Tuesday, March 13, 2012

We Don't Know

So I was just listening to The Diane Rehm Show where she and her guests are discussing the mass murder of Afghan civilians by a 38 year old Army Staff Sargeant, tying it to questions regarding recruiting, training, and the treatment of people who have a variety of psychological problems. The first person to whom Diane spoke mentioned that current military policy requires two years between deployments; the person in question had less than a year between his deployment in Iraq, where he apparently suffered an unspecified Traumatic Brain Injury (TBI), and his current deployment to Afghanistan.

Swirling around these questions, as a former RAND analyst on the panel looking at military recruiters noted, are questions of the pressures put on recruiters to meet quotas. This led to many recruiters overlooking various problems that may well have led, in peacetime, to these persons not being let in to the service.

Of course, there have also been questions raised regarding the status of the treatment of mental health issues, post-deployment, particularly with regards to Post-Traumatic Stress Disorder (PTSD), and specifically questions regarding the level and quality of care at this particular soldiers home base, Joint Base Lewis McChord, in Washington.

All of these are questions that need to be discussed, and should have been discussed, all along. All of these are matters that impact all of us, as these soldiers place themselves in our care, with the promise that for their service to our country, we will take care of them. All of these questions float around the broader policy questions of the status of our current mission in Afghanistan, and how that policy has continued to be implemented after ten years.

All the same, the specifics of the case seem to mitigate any kind of attention to these questions. A soldier walks off base, killing sixteen Afghan civilians, most of the victims being women and children, then calmly walks back to base and turns himself in. With emotions already riding high, thanks to the thoughtless burning of the Muslim holy book, the murders seem to show a certain callousness on the part of American military personnel for the life and well-being of the very people we claim to be serving (secondarily).

There is more than a whiff of CYA in all this talk of TBI, non-treated PTSD, questions regarding the status of the sergeant's mental health prior to his enlistment, etc. I'm guessing if the Army can convince the world this person had multiple issues of which it was not aware, or were only flowering under the pressure of his current deployment, they are in no way responsible through their policies and procedures, for the man being in a place and time where he would suddenly decide that indiscriminate mass murder seemed a good idea.
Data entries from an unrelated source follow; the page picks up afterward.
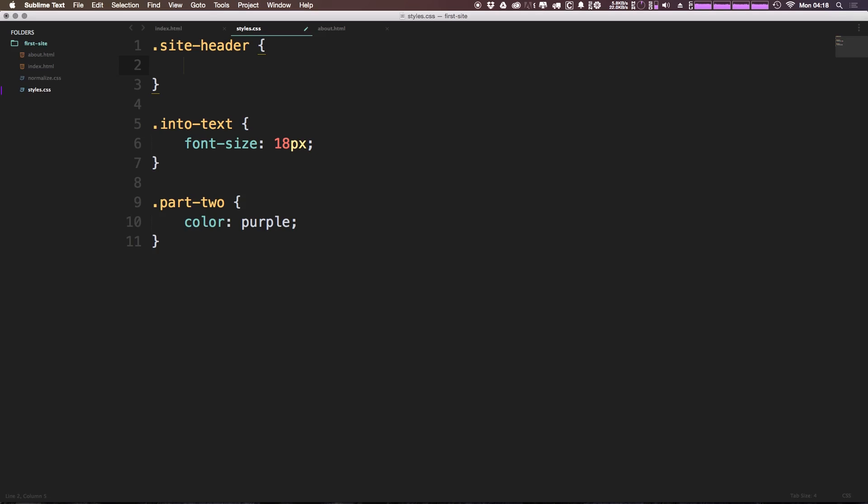And we want to essentially give this a background color. So we can say background, and this is going to be a nice blue color. So the color I've selected is going to be 3F51B5. Okay, so now I can save that.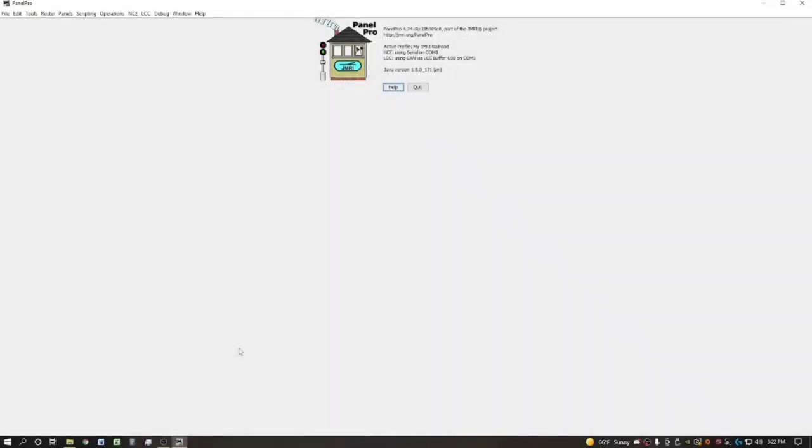Alright everyone, welcome back to part 2 on the Operations Pro setup for the Delta Pines subdivision. If you haven't had a chance to catch part 1, I highly suggest it because that is basically getting Operations Pro set up within the settings of JMRI.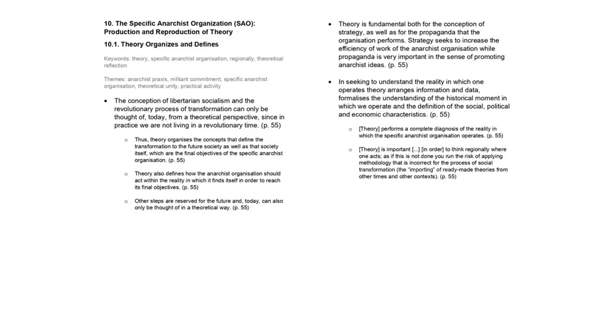On being produced within the specific anarchist organization, theory formalizes concepts in order to make the organization understand the reality in which it is acting, deal with making a prognosis of the objectives of the process of social transformation, and define the actions that will be taken in order to put this process into practice.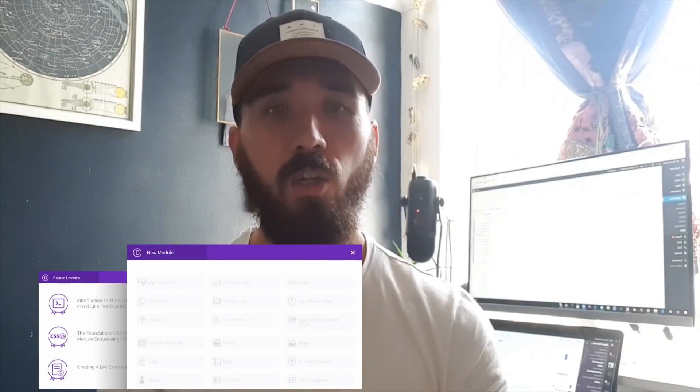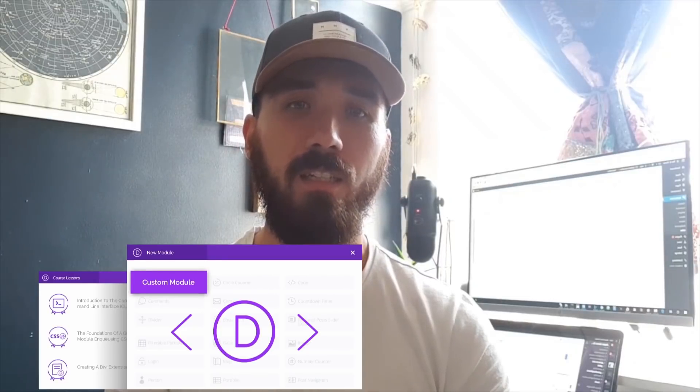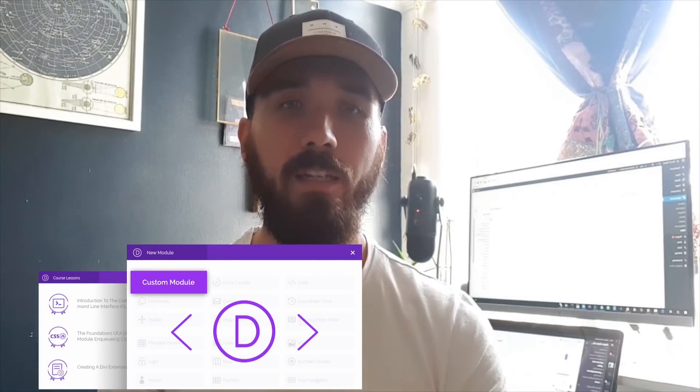In part two, we'll move on to the actual building of modules. You'll learn how to use all of the field settings available in a Divi module, how to test your changes, and how to compile your code once you're done. If you want to know how to enable media uploads in a module or create conditional fields that only show up if another option is enabled, this is where you're going to learn to do all of that and more.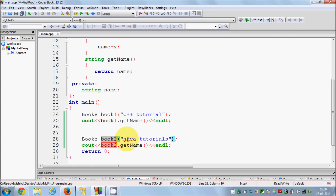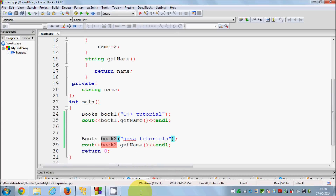I hope you have understood the concept of constructors in C++, and I hope you enjoyed this video. Please like, comment, and subscribe. Bye for now.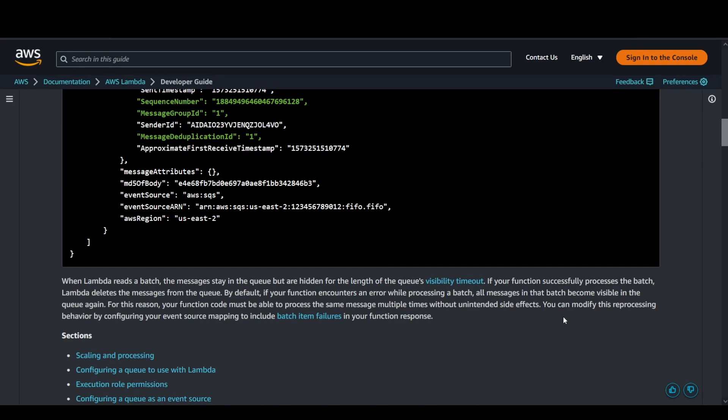Whenever there's a consumer trying to read that specific message, there's a visibility timeout configuration for the queue. At that specific time, no other consumers are going to observe that message in the queue. The consumer, after reading that message, has to ensure that it deletes it from the queue, else redundant messages would be available in the queue and consumed by other consumers.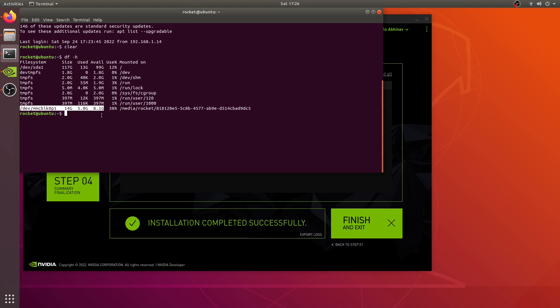I guess that's all for this video. In the next video we will install the Jetson inference Hello AI project from source. Thank you for watching this video. Please like, share and subscribe.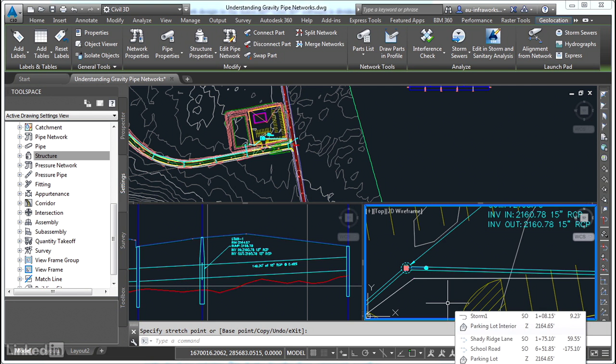So these components of the pipe networks in Civil 3D have the ability to interact and respond to other objects in the model, a very important capability and something that Civil 3D is known for throughout its makeup.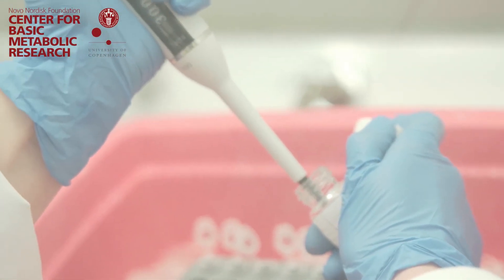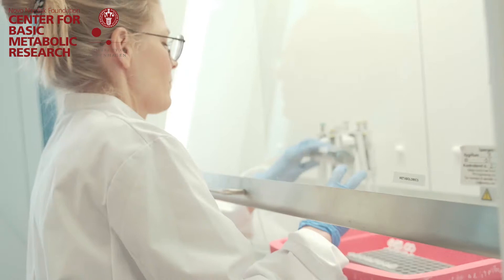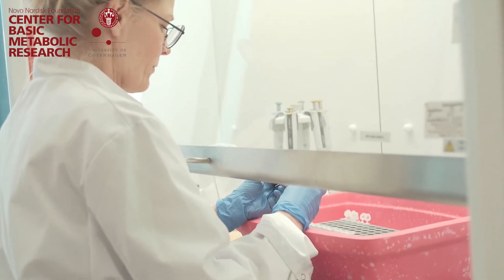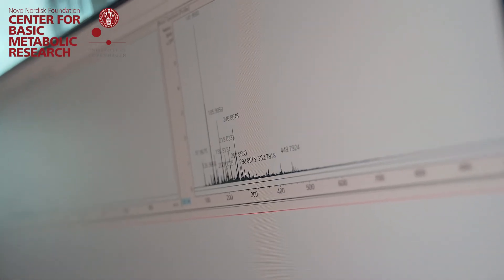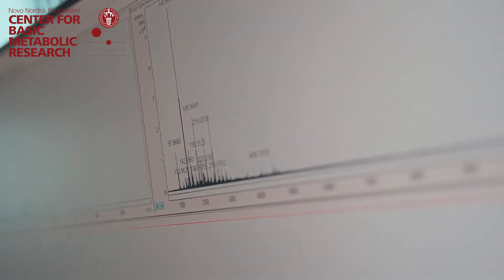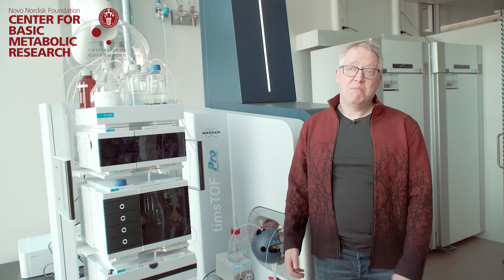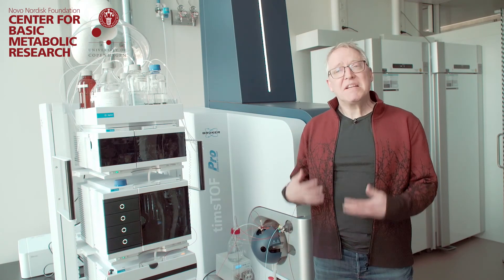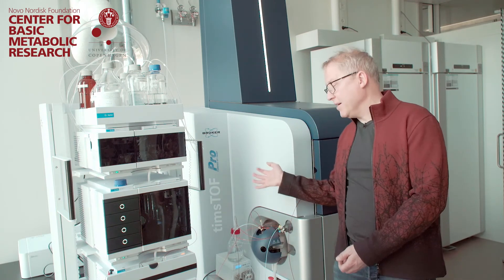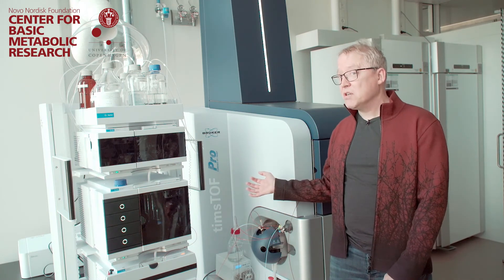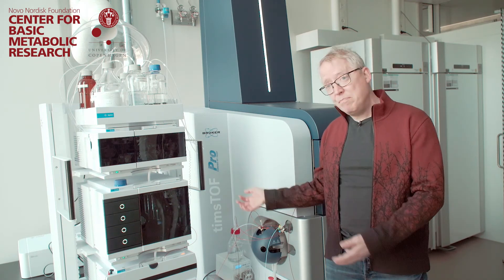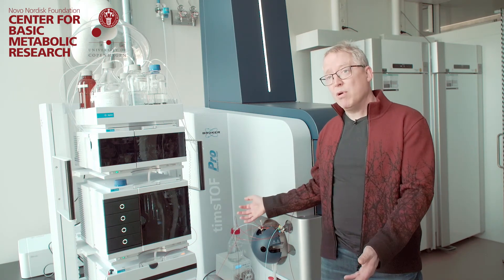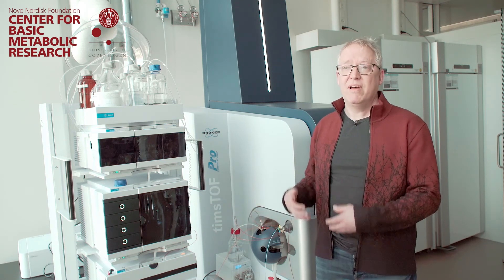We start with the extraction, extracting the largest number of metabolites possible. The process should be reproducible, unbiased as possible, and not degrade the metabolites. To analyze the samples we turn to the instruments in this room. Depending on the questions, we are using different kinds of instruments. All of these are mass spectrometers though. On my right side here, we have an LC-MS instrument which we can use for analyzing lipids, metabolite profiles and many other types of applications.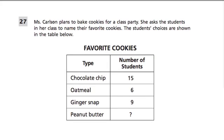In this problem, Ms. Carlson plans to bake cookies for a class party. She asks the students in her class to name their favorite cookies. The students' choices are shown in the table below.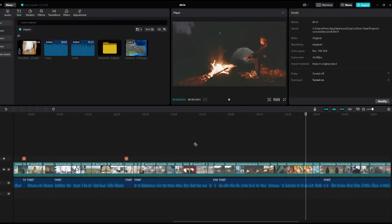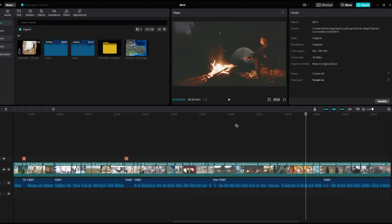Hello everyone, welcome back to another video. In this video I will show you how to get rid of this razor blade cut mode in CapCut.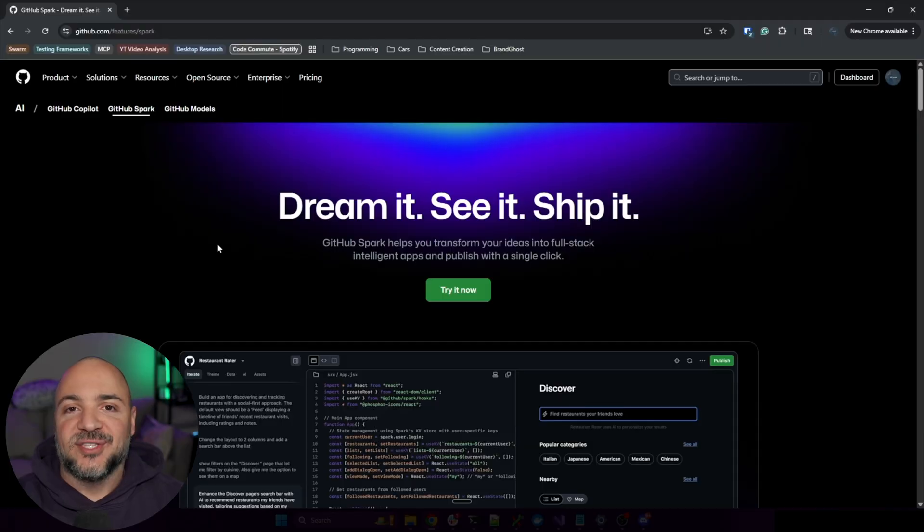In this video we're going to be checking out GitHub Spark to see if it's able to put together an application for us with just a simple prompt. Let's see what we can come up with.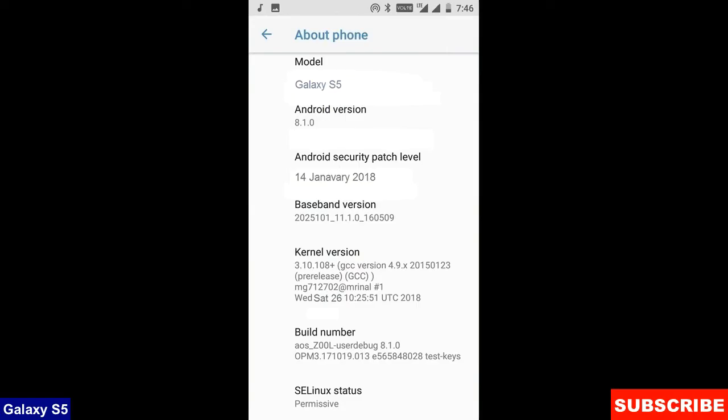Friends here you can refer my model number. And the Android version is 8.1.0. The security patch is very recent, the 14th January 2018. In this custom ROM, the security patch and the kernel levels have been updated twice in a month.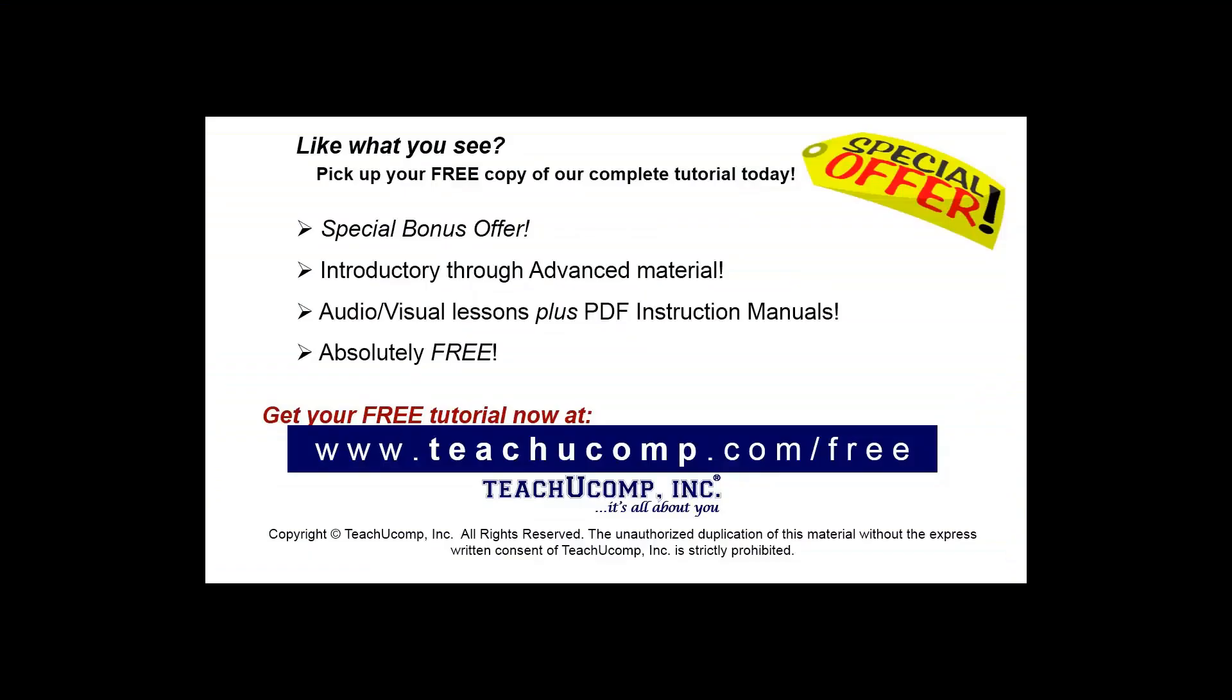Like what you see? Pick up your free copy of the complete tutorial at www.teachucomp.com/free.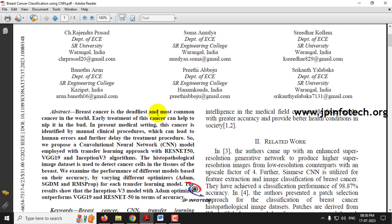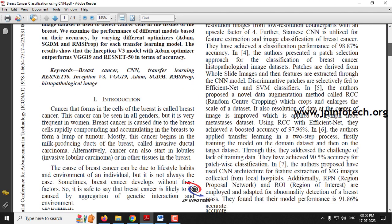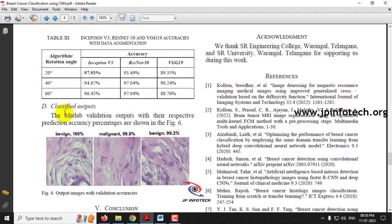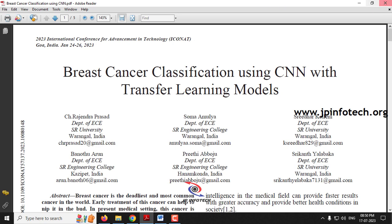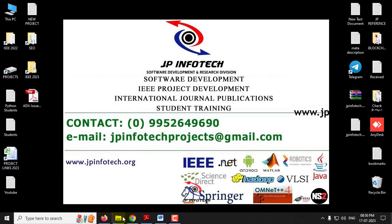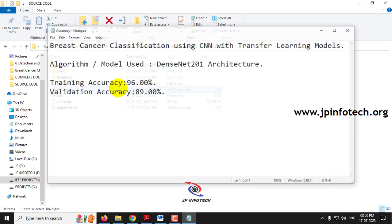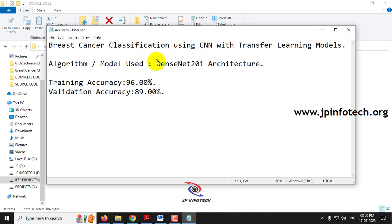In this paper, the authors have proposed a model for breast cancer classification which uses the Inception V3 algorithm. The authors implemented it using MATLAB. However, we are not going to use MATLAB — we are going to implement this using Python. As our proposed model in this project, we are going to implement the deep learning model DenseNet 201 architecture.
Since the beginning of our far-too-long military actions in Afghanistan and Iraq, there have been persistent, nagging questions regarding the treatment of military personnel with mental and physical health issues. Suicide rates among veterans are enormous, as are rates of domestic violence, divorce, alcoholism, and other indicators of psychological dysfunction. No matter how often these matters are raised, they never seem to be resolved. The people who pay the price are our currently-serving military personnel who are not receiving adequate treatment (let alone standard down time between deployments, at least in this case, which proved to be one case too many for sixteen dead Afghan civilians) and our veterans, who have routinely had their requests for treatment denied. Recently, under court order the military is reviewing thousands of applications for re-evaluation of their diagnoses for PTSD and other psychological problems precisely because the trend has been to deny its presence.

There are just too many questions with no answers here. There just doesn't seem to be enough information to make any judgments regarding the sergeant's mental and emotional state; all this discussion, while on one level refreshing for its candor, just doesn't feel right. Accountability for this crime may well rest not only with the person who committed it; it might just implicate policy makers, military health-care providers, and - dare I say it - we the people who have not worked hard enough to end this conflict, follow through on our commitment to care for our military personnel who have volunteered to sacrifice so much on our behalf. We need to be sure we don't end up covering our own asses even as we try to untangle the many knotted questions that surround this case.